Of course since vectorizing is fun, here's as optimal as I can think of from a vectorized standpoint:
colidx = 1:size(mat1, 2);
ix = rows & (first <= colidx & colidx <= last);
mat1(ix) = mat2(ix)
Whether this is faster than a for-loop will depend highly on the density of replacement. This is doing the comparison for all rows and columns. If the number of rows and columns being compared is small, then a simple for-loop over the rows will be faster, if most rows need a replacement, then the vectorized approach may be faster.
rowix = find(rows);
for ii = 1:numel(rowix)
rowii = rowix(ii);
colix = first(rowii):last;
mat1(rowii, colix) = mat2(rowii, colix);
end
I'd encourage you to time both of these repeatedly with your large matrices.
(ps.
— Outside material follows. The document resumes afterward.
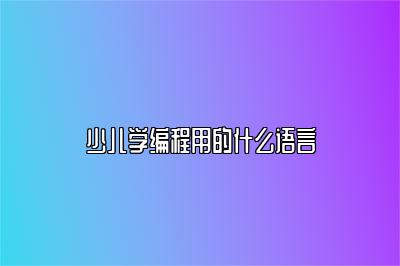 少儿学编程用的什么语言 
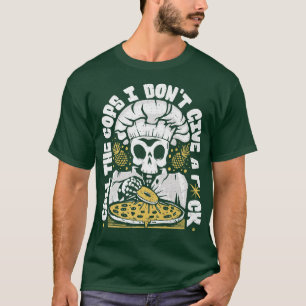 Funny Pineapples on a Pizza Skeleton Chief Don't C T-shirt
Great question: fun, inputs, expected outputs, attempts - everything we look for!)

Edward Schrom

### Edward Schrom (view profile)

on 15 May 2019
In practice, my two matrices will be thousands x thousands, rather than just 10 x 20. And then I'll need to repeat the process thousands of times. That's why I've pursued a vectorized solution. But are for-loops still just as fast in this case? Maybe I've heard some unfair myths about their slow performance...
Sean de Wolski

### Sean de Wolski (view profile)

on 15 May 2019
See edits to my original answer.
Edward Schrom

### Edward Schrom (view profile)

on 16 May 2019
As a followup, I did time both of these approaches repeatedly. The most common matrix size I'll need to work with is 2301 x 1681. To my surprise, the for-loop approach consistently performed 30% faster than the vectorized version. Thanks so much for the thorough and thoughtful answer!